88th Annual Meeting (20-24 January 2008)

Wednesday, 23 January 2008: 12:00 PM
Fine scale analysis of the convective scale wind fields of Katrina and their relationship to the surge event
R04 (Ernest N. Morial Convention Center)
Richard G. Henning, Consulting Meteorologist, Niceville, FL
Poster PDF (1.4 MB)
Over the last two years, this author has written over 200 reports detailing the impact of Hurricanes Ivan (2004) and Katrina (2005) at specific property addresses primarily on behalf of individual property owners involved in litigation with their insurance carriers. As a private consulting meteorologist, the task of reconstructing a chronology of events with regard to the arrival of wind and surge at specific locations is a far different undertaking than a government agency, such as NHC in their storm reports, attempting to characterize the scope of a storm as a whole, for dissemination to the public through the media.

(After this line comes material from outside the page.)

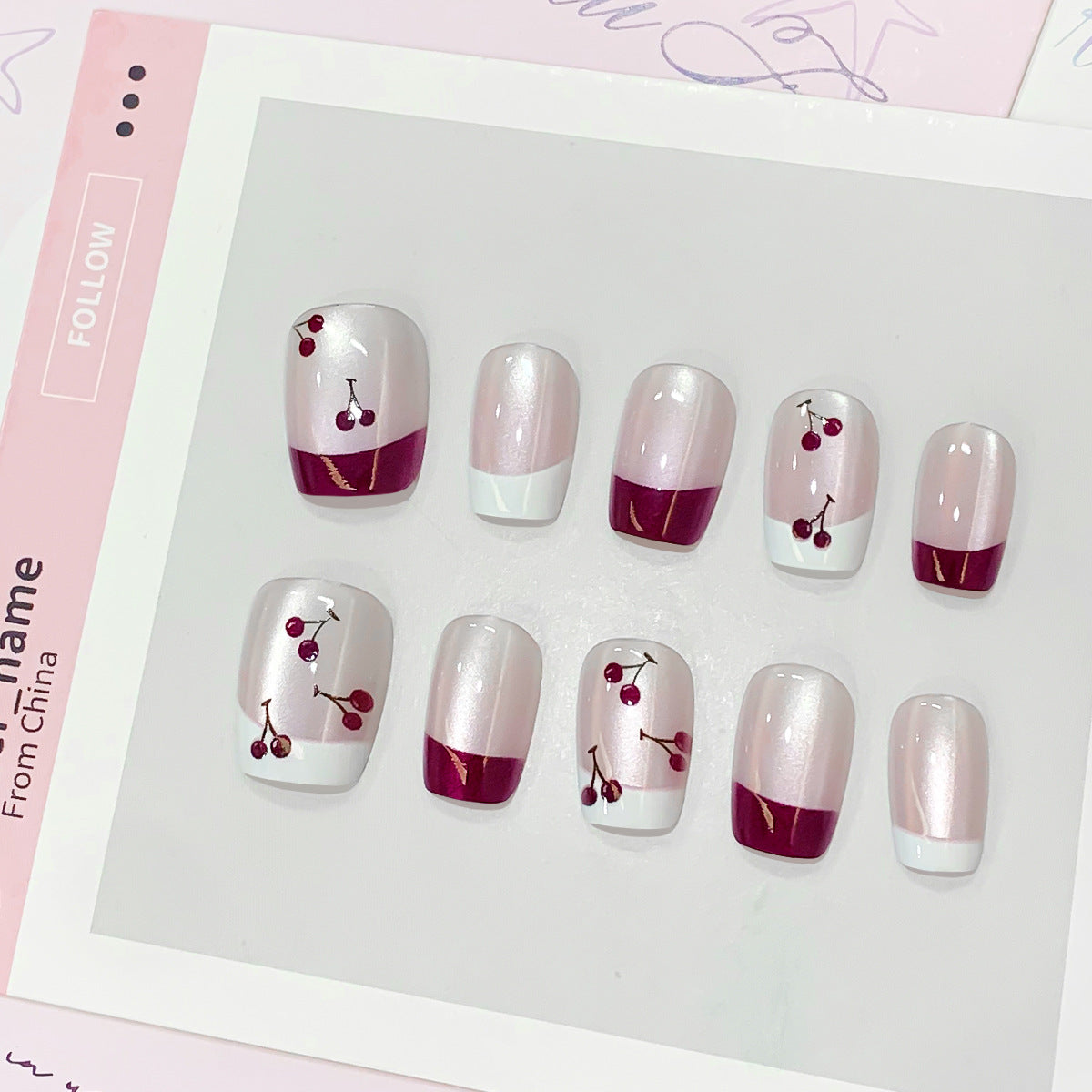 Kunstvolle Nagelspitzen mit Kirsch-Design Brehn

The importance of convective scale features cannot be overstated with regard to their ability to translate extreme boundary layer winds, routinely measured using aircraft reconnaissance dropsondes, down to the surface at specific locations for brief periods in the form of three second gusts. It will be shown that many locations along the immediate shoreline in both Ivan and Katrina saw extreme winds either in advance of, or in conjunction with, the period of highest surge inundation. While the surge literally washed away much of the on-site forensic evidence of these extreme wind events, use of WSR-88D radar and aircraft reconnaissance data can establish very high confidence wind estimates for particular neighborhoods where no in-situ observations were made.

This presentation will discuss several cases where an examination of reflectivity and radial velocity products reveals discrete mesocyclones and collapsing supercells which, when superimposed upon the ambient larger scale tangential winds of the parent hurricane vortex, support localized wind velocities which could have easily produced significant wind damage. It is a practical application of the research done in recent years by Blackwell et al at the University of South Alabama Coastal Weather Research Center.

This paper also examines alternatives to broad brush, oversimplified, attempts at characterizing the destructive potential of storms such as Ivan and Katrina. It demonstrates that use of the Saffir Simpson Scale, while convenient for the media and easily understood by the public, is often highly misleading in the investigation of the relative contribution of storm damage to a specific property caused by wind and/or water (as well as the temporal relationship between the two forces, often an essential aspect to resolving disputes between insurance carriers and their customers). Alternatives, such as the Integrated Kinetic Energy scheme proposed by Powell and Reinhold in the April 2007 Bulletin of the AMS, to characterize the storm on a large scale, as well as techniques to integrate depictions of mesoscale and convective scale features for analysis on the scale of specific neighborhoods, will be examined.